Implications for Practice and Further Research
5.2
First of all, it will be a key role for especially the nursing management in ICUs to further support their nursing teams and also the interdisciplinary staff. Maybe the evaluation in our study needs a fourth or fifth time period in ICU 2. As an alternative to IzEP(c) in German‐speaking countries for a faster process, the validated questionnaire of Kien et al. [31] could be used for medical staff to evaluate the implementation process on PN. Internationally, further different tools, like Ward Organisational Feature Scales (WOFS) [32] or the Nursing Practice Model [33] are available in English [22]. A further analysis of qualitative results could help for a better understanding and to confirm or refute our results.
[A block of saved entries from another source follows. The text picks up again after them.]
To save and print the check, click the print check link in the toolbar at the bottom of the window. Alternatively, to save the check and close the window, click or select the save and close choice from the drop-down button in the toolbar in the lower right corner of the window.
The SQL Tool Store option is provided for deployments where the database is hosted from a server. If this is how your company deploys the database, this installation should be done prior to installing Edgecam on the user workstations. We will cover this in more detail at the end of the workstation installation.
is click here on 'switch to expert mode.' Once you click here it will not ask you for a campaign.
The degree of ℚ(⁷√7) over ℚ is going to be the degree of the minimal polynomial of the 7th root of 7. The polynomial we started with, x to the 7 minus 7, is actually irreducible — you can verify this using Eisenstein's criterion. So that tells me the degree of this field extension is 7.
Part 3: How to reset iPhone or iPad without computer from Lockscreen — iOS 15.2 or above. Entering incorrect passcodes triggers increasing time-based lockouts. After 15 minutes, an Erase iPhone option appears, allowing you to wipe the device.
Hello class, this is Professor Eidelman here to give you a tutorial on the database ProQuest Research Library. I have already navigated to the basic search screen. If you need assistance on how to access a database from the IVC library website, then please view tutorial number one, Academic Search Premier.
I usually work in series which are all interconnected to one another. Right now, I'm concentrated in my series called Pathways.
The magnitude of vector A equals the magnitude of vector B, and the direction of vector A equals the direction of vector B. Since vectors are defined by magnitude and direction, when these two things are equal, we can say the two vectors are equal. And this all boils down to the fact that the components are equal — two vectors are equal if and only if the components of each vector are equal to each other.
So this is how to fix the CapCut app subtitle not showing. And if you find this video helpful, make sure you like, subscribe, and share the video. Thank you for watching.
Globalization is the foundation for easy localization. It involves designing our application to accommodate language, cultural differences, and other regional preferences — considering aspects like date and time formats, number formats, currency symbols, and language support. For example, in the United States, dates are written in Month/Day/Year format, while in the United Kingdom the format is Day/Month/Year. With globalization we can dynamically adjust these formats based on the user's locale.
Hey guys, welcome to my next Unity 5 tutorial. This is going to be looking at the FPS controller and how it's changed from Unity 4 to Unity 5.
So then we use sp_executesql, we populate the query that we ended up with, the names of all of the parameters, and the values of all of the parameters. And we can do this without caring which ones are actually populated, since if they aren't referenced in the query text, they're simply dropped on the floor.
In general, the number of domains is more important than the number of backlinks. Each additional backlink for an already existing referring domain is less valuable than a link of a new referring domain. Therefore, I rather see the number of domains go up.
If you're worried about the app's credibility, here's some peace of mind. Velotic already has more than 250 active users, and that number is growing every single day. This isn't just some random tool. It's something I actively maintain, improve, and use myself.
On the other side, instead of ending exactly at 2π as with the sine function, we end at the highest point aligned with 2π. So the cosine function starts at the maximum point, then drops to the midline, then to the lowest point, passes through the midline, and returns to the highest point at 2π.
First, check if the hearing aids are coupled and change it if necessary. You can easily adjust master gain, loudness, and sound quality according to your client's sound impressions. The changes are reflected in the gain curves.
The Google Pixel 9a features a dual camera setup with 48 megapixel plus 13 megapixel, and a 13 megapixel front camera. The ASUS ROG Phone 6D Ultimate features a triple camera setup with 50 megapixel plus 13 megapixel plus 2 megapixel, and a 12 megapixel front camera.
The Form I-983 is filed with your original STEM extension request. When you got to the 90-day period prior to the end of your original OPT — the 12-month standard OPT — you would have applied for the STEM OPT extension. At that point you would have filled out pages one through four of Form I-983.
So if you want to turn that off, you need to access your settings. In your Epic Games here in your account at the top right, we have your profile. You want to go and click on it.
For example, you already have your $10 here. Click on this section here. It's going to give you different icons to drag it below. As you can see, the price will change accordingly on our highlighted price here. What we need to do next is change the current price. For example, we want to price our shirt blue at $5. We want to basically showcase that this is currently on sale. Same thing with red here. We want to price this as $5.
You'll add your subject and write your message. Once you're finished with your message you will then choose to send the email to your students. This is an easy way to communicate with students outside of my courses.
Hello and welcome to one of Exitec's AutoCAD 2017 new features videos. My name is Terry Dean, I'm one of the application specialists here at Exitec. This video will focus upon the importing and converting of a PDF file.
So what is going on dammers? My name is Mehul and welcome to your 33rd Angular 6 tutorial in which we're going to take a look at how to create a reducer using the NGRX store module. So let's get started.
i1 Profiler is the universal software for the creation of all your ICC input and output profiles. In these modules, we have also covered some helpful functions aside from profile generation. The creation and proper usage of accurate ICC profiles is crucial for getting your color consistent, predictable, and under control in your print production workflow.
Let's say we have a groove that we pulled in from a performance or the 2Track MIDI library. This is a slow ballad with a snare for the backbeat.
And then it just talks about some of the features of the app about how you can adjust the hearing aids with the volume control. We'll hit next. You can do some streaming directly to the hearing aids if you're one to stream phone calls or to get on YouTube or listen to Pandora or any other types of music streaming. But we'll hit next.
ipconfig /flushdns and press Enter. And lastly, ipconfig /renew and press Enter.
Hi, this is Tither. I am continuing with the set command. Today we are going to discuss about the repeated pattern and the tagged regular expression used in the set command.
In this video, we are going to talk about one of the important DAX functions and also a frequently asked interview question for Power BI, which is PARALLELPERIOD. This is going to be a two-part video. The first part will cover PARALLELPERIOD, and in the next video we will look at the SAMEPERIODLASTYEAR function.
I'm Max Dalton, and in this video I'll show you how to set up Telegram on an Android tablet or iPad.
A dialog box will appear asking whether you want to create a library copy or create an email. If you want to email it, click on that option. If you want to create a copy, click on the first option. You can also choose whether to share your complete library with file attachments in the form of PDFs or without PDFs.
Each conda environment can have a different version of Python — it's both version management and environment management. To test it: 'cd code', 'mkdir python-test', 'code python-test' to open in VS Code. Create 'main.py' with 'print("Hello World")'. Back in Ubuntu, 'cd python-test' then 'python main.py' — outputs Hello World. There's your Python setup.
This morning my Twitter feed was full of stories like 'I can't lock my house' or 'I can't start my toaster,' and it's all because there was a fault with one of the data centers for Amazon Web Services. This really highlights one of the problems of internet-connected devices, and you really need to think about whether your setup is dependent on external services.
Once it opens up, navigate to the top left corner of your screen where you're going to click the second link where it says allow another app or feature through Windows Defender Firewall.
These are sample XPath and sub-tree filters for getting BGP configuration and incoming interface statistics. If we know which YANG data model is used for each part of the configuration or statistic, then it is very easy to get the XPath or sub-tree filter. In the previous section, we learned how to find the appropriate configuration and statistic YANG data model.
In general, as recommended by MRC Framework, implementing PN as a complex intervention should be evaluated in a mixed‐methods design with a process evaluation [17]. Furthermore, a deeper and better understanding of the attitude of or advantages for relatives through PN should be studied.
Conclusions
6
PN on ICU needs continuous support from nursing managers for successful implementation. Our results showed a progress from individual nursing to PN, although full implementation was not achieved in ICU 2. Nevertheless, ICU 2 also showed a change in nursing organisation and PN was practiced in included patients. However, the remaining challenge is ensuring that all those involved recognise and support this across the entire ICU.
Funding
The study was financed by the own funds of the Heart and Diabetes Center NRW, Ruhr University Bochum.
Ethics Statement
The ethics committee of the medical faculty of the Ruhr University Bochum, Germany, based in East Westphalia, has given a favourable ethics vote on November 18th 2022 (No 2022‐987).
Consent
Before the beginning of the study, the participants signed an informed written consent form.
Conflicts of Interest
The authors declare no conflicts of interest.
Supporting information
Table S1: Standards for Quality Improvement Reporting Excellence Guideline (Squire 2.0). Table S3: Included participants and questionnaires in IzEP(c). Figure S4: IzEP(c) overall ICU profile of ICU 1 and ICU 2 between t_0_ and t_2_. Table S5: Rating of the nursing care situation by relatives. Table S6: Rating of the nursing care situation by nurses. Table S7: Patients on ICU 1 and ICU 2 between February 2024 and March 2025.
Table S2: Task profile of primary nurses and associated nurses.